Due to the fact that there is withholding of tax information in these jurisdictions, the European Union has published a "black list" of offshore companies. The list contains states whose efforts in the field of combating money laundering and terrorism do not meet the standards of the European Union.

The EU has included South Korea and the UAE in the list of prohibited off-shores

This list of jurisdictions that do not cooperate with the EU includes the following 17 countries: Palau, American Samoa, Bahrain, Mongolia, Namibia Barbados, Grenada, Guam, Macao, Marshall Islands, Saint Lucia, Samoa, Trinidad and Tobago, Tunisia, South Korea, Panama and the United Arab Emirates.

There are also a number of countries on the "grey list". These are states that fail to meet the European Union standards on financial transparency and the fight against super-beneficial tax regimes, but are going to make changes in their tax policy.

Among the countries included in the list of prohibited offshore companies, Panama (low prices for offshore services) and the UAE (free economic zones created for foreigners) are especially attractive for Russians.

The emergence of a blacklist will have an impact on those Russian companies that use offshore companies in the jurisdictions listed in order to optimise taxes. This list will abolish the possibility for transferring money through transit companies registered by Russian beneficiaries in the EU countries with a more favourable tax climate.

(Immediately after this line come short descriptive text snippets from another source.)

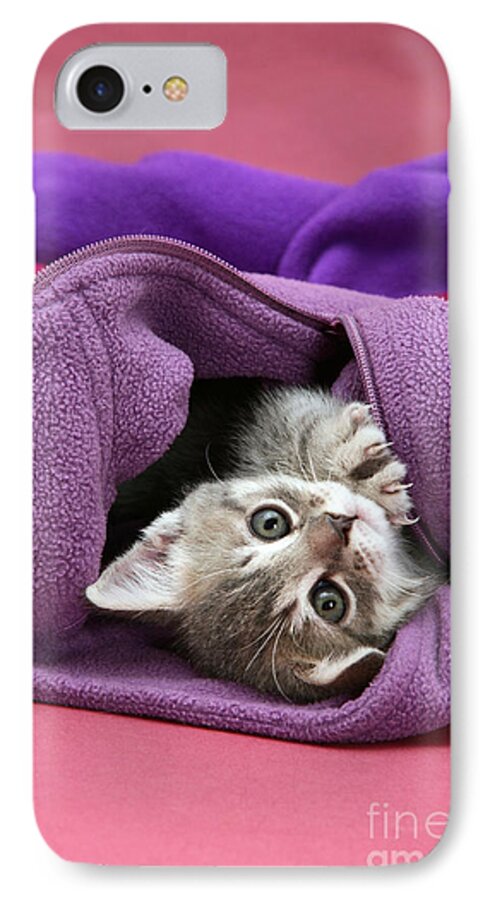 Animal iPhone 7 Case featuring the photograph Tabby Kitten #1 by Jane Burton
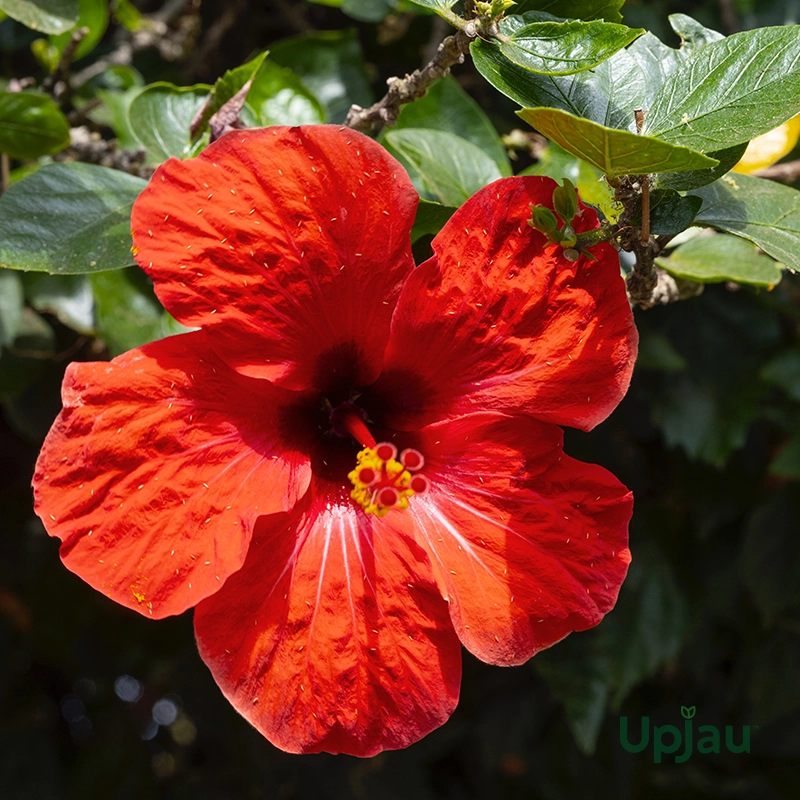 orange-hibiscus-plant-gulhad-viceroy-online-india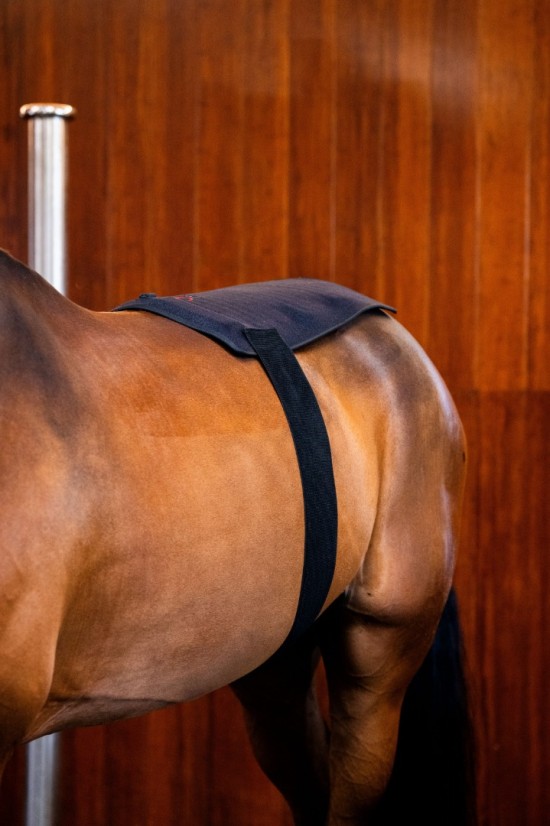 Horseware LED Red Light Therapy Pad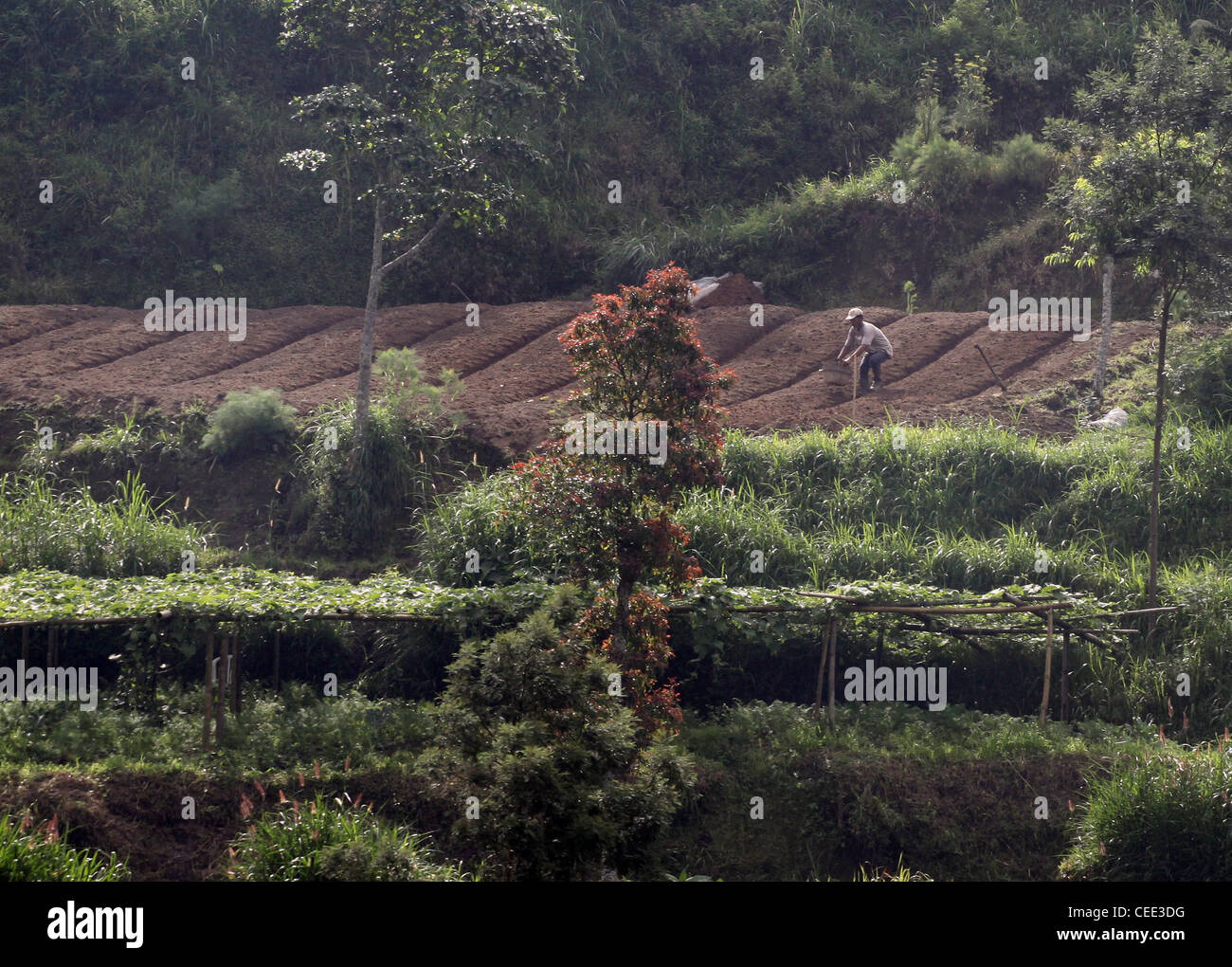 vegetable Farm terraced farm fields on Mount Merapi Yogyakarta ...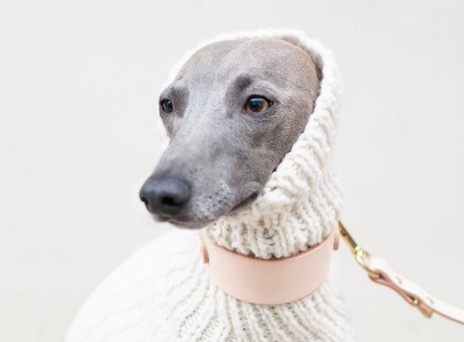 Lloyd, il cane influencer più fashion di Instagram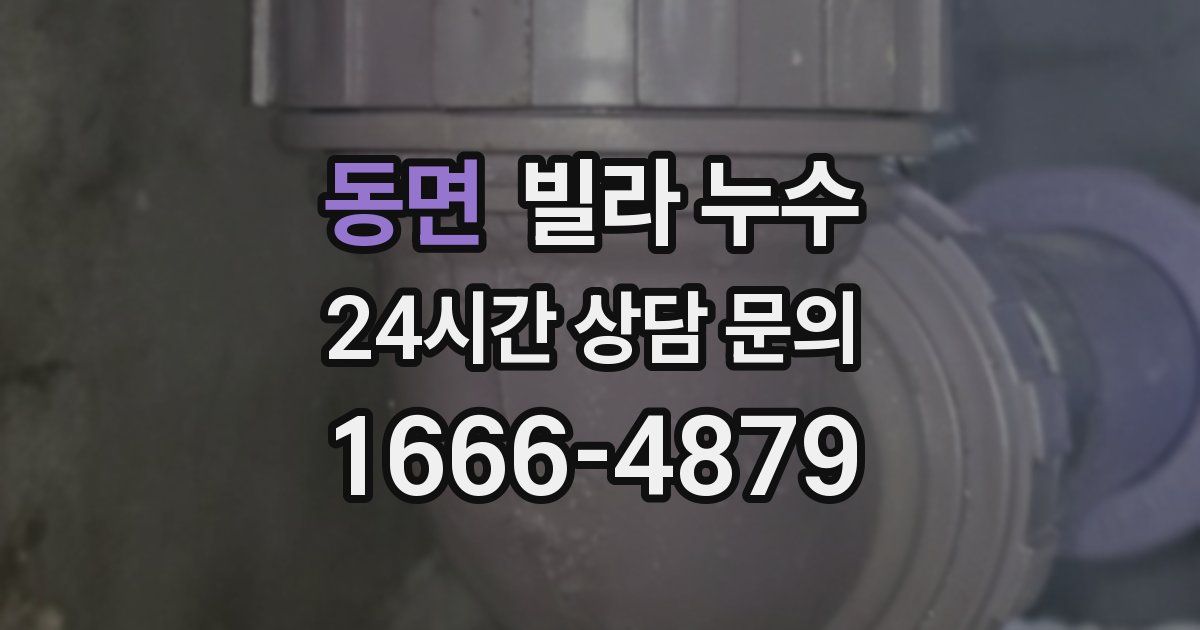 동면 빌라 누수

Still, it is not clear how the black list will operate. Experts suggest that this sanctions may include withholding tax at source with any transfers in favour of companies from blacklisted countries. Blacklisted countries may be deprived of access to financing from the EU countries, as well as enhanced transaction monitoring, increased audit risks for taxpayers, who use structures related to these jurisdictions, or have counterparties there. Restrictions may relate to the possibility of opening an account in EU banks or remitting funds to such jurisdictions. As a result, businesses will have to be moved to a more transparent system of business management, with tax payments at each stage it seems.